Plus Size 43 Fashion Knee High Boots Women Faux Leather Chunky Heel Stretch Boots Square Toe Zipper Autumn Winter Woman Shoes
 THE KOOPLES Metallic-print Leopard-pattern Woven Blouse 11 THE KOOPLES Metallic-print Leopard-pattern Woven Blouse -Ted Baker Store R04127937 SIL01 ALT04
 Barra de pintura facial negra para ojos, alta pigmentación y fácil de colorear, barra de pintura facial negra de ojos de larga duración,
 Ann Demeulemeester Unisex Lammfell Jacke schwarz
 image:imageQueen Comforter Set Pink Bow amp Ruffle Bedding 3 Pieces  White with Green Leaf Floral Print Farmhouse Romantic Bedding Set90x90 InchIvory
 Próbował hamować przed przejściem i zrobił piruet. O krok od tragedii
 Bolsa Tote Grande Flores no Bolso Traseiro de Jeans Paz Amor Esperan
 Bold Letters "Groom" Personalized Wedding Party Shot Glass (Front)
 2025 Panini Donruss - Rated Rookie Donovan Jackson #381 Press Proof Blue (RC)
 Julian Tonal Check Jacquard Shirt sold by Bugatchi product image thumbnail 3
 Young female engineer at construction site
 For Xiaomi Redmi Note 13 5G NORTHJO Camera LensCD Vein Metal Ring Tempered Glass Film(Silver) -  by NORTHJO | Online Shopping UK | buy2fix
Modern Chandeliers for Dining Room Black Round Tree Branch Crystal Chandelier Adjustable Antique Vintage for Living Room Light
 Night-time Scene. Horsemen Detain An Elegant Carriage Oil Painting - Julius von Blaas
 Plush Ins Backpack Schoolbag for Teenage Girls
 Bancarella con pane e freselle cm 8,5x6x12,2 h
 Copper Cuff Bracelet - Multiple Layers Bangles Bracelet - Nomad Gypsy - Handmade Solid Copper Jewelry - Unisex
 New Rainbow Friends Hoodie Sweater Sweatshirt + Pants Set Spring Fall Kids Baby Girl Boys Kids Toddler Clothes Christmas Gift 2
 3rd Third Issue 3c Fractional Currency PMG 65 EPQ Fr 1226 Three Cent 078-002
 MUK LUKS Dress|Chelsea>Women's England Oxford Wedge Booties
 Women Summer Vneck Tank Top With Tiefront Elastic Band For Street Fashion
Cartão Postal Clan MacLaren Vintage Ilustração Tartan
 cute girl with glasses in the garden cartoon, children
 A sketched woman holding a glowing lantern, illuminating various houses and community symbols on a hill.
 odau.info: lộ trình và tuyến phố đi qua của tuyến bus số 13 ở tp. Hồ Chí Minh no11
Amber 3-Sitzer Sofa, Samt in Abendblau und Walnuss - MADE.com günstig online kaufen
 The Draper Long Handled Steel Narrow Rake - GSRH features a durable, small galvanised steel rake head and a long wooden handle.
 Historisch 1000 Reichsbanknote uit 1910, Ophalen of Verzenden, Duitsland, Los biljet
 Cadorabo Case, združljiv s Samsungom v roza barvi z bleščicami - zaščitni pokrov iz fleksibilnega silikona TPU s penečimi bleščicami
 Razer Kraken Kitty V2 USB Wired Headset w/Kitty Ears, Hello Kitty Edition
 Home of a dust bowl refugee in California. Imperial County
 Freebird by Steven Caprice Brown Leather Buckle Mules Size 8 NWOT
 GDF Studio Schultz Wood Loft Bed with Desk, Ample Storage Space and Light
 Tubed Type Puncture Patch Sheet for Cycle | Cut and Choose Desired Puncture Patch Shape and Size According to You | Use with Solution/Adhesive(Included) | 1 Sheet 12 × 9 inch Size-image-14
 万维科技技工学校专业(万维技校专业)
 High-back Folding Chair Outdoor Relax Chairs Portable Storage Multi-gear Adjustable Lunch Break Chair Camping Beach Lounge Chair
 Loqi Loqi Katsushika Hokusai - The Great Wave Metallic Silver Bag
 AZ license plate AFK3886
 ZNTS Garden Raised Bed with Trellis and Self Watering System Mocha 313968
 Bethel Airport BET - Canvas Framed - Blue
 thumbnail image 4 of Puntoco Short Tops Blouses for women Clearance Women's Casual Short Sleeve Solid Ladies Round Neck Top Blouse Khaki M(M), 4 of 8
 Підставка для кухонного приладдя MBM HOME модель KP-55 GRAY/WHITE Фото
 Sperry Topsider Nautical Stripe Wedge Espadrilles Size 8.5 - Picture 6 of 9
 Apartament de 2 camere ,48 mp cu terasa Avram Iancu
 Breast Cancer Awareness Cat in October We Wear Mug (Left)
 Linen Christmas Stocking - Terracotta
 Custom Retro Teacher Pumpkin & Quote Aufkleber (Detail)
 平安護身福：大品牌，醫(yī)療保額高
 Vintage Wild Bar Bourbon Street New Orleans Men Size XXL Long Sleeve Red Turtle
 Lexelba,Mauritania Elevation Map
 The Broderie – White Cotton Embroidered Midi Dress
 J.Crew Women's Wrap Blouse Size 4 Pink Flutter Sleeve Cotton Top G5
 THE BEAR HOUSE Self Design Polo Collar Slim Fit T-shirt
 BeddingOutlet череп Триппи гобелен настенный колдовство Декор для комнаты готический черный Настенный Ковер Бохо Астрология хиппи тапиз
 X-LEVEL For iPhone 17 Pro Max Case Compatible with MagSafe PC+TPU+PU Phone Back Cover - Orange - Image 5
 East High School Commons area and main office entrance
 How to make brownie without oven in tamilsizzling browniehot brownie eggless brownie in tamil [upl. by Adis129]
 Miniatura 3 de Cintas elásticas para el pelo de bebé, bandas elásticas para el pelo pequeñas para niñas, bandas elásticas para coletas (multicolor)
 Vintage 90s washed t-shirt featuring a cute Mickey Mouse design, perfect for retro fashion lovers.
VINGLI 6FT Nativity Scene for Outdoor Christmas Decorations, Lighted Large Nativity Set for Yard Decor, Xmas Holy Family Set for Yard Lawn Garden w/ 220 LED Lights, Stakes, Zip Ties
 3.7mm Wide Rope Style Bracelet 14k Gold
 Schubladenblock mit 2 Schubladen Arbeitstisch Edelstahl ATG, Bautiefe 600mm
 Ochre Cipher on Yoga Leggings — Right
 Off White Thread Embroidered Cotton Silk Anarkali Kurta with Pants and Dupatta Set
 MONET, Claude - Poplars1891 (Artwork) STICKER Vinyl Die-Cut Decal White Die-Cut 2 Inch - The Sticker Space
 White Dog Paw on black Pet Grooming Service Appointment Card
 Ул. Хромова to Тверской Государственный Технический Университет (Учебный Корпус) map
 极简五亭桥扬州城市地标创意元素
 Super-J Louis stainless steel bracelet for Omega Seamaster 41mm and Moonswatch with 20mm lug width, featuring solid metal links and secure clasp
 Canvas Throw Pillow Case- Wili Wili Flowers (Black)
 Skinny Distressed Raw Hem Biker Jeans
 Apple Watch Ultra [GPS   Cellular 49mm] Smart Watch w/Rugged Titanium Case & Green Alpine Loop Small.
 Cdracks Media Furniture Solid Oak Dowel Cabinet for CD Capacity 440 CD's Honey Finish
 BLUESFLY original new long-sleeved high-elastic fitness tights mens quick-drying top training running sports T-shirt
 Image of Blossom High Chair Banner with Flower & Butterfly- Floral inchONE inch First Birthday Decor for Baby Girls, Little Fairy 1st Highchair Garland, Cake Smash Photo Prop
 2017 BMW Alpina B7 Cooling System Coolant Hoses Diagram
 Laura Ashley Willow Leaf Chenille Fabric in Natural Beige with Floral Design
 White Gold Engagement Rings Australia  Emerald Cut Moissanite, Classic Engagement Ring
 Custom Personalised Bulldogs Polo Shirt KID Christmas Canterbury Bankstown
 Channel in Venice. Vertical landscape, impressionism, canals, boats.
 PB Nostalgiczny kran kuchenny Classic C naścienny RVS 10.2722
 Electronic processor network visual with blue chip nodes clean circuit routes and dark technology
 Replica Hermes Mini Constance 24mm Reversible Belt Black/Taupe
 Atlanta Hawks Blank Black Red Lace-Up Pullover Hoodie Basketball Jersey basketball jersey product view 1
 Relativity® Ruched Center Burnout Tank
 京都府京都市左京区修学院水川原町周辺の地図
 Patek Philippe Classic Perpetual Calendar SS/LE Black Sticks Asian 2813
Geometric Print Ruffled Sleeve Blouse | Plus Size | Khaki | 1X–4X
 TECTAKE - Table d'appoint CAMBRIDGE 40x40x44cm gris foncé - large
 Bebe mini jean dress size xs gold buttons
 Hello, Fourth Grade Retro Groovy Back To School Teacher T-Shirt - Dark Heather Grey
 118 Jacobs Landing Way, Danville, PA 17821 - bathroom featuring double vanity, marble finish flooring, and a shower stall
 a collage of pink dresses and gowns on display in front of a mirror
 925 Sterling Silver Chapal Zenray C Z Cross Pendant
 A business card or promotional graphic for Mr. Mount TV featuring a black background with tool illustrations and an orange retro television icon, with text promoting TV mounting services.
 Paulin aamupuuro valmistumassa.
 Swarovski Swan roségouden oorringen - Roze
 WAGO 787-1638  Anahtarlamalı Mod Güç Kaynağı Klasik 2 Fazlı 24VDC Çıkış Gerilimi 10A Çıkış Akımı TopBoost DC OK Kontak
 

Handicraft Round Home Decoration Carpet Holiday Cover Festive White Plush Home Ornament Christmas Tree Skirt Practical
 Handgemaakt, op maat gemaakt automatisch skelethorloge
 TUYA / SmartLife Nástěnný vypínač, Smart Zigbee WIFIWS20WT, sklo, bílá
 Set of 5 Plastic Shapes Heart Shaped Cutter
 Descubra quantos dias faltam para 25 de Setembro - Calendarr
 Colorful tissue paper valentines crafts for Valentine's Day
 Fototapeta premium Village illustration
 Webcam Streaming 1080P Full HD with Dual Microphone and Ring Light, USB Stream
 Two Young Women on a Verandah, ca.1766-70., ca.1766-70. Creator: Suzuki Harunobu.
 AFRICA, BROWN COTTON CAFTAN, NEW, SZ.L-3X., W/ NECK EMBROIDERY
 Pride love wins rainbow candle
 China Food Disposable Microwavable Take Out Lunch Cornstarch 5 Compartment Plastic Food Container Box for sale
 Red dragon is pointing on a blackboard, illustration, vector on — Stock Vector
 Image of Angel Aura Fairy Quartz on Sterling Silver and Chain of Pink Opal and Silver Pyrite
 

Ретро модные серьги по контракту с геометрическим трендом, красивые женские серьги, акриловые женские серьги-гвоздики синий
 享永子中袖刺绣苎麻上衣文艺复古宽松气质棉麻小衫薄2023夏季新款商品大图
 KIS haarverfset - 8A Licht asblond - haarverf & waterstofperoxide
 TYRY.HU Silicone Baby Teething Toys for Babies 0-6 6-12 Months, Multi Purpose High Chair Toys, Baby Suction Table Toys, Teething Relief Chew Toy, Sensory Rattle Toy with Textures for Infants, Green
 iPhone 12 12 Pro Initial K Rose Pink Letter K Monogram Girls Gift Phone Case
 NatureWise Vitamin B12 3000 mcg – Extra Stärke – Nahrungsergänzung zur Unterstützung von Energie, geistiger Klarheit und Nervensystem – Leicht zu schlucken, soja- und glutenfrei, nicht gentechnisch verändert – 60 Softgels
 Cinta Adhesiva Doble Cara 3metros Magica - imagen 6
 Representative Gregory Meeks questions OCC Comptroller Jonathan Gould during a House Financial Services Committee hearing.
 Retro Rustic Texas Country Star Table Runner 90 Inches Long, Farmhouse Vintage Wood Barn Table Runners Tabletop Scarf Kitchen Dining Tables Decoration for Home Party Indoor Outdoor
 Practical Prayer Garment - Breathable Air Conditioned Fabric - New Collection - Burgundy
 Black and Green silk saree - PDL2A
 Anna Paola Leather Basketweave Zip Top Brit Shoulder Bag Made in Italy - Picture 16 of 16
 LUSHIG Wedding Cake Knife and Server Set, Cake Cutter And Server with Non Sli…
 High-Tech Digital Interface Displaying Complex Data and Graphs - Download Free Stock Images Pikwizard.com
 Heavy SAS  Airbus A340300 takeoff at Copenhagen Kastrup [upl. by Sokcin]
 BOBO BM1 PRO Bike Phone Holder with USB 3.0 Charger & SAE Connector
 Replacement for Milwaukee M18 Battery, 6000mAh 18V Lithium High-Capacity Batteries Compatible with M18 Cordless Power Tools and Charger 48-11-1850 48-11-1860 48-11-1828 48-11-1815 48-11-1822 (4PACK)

________________________

* _What you should do_: If a line of the listing contains the string "Classic", count it; then report the total alone.

* _Exercise result_: 3